A jury has awarded a former security analyst for Sandia National Laboratories $4.7m after he was fired for conducting his own investigation into computer attacks and taking his findings to authorities of a separate agency.
The judgment was more than twice the amount sought by Shawn Carpenter, who was dismissed by Sandia in January, 2005, according (http://www.fcw.com/article97661-02-13-07-Web) to FCW.com and other news outlets. The jury said the termination was "malicious, willful, reckless, wanton, fraudulent or in bad faith."
Carpenter initiated his investigation after detecting attacks on Sandia's network that originated from China, Romania, Italy and other countries and have come to be known as Titan Rain. After learning that similar attacks had been unleashed on Army bases and US contractors, Carpenter asked his superiors for permission to reverse-engineer the hacks so he could track down the perpetrators. His request was denied.
But Carpenter investigated them anyway, partly at the request of the FBI. When Sandia officials caught wind of the unsanctioned probe, Carpenter was fired.
A spokesman told us Sandia officials are disappointed and are considering whether to appeal. But he declined our request to discuss, even in the most general terms, their policies relating to the investigation of attacks that target their networks.

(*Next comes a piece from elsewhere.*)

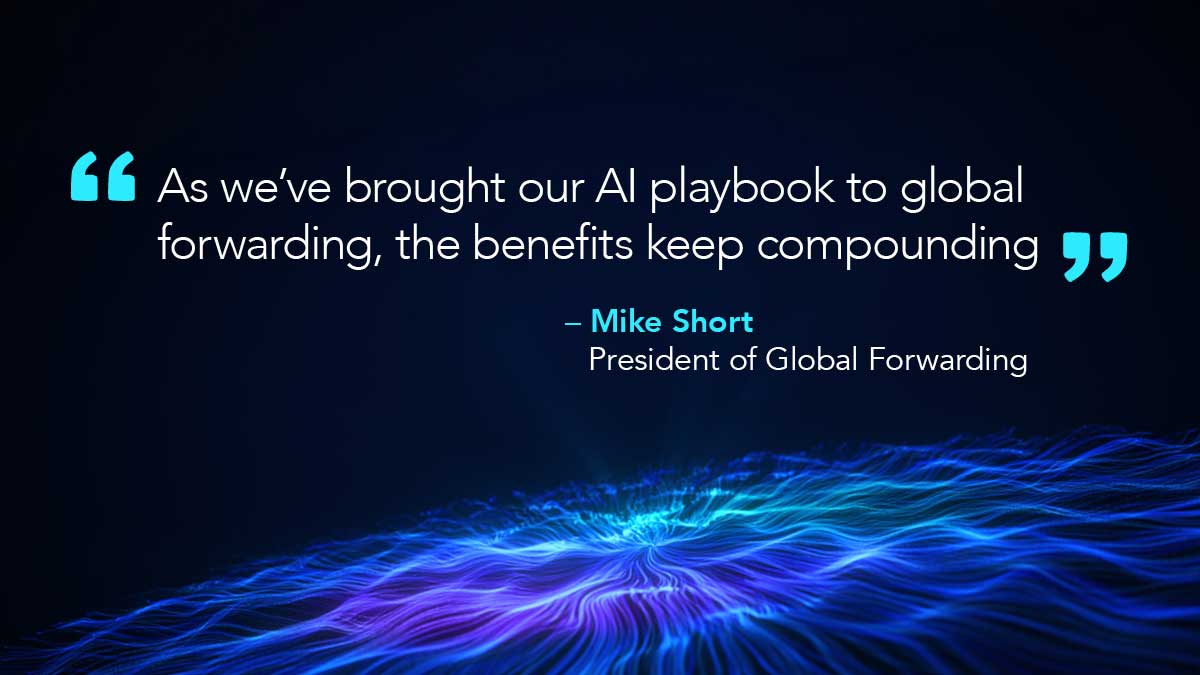 Mike Short Quote "As we've brought our AI playbook to global forwarding, the benefits keep compounding." | C.H. Robinson Press Release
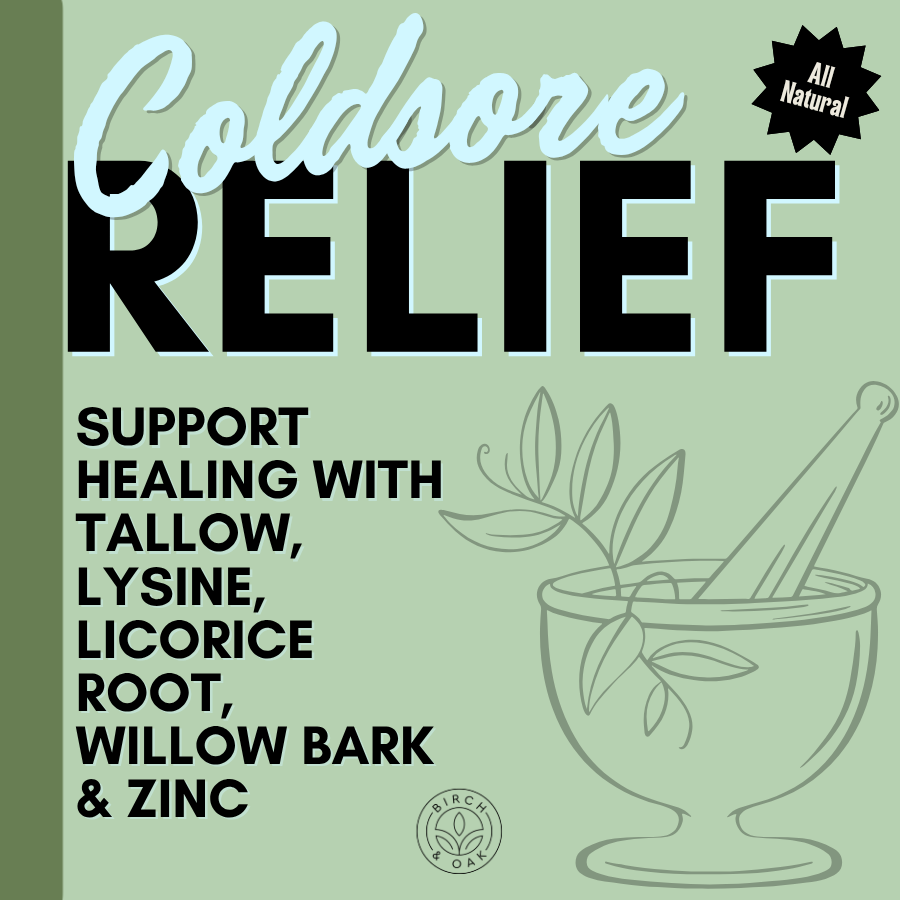Birch & Oak Cold Sore Relief Balm | Natural Healing with Tallow & Herbs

The episode underscores the morass confronting those trying to secure some of the world's most sensitive networks. Limited resources and bureaucratic rivalries have long been a challenge in reining in organized crime and espionage, and the growing wave of ever more sophisticated computer-generated rackets is making matters worse.
Notwithstanding some high-profile convictions against botnet ringleaders and other cybercrooks, much of the enforcement these days comes from self-appointed take-down groups such as PIRT (http://www.castlecops.com/pirt) (Phishing Incident Reporting and Termination), manned by individuals who donate their time and resources to help eliminate online menaces.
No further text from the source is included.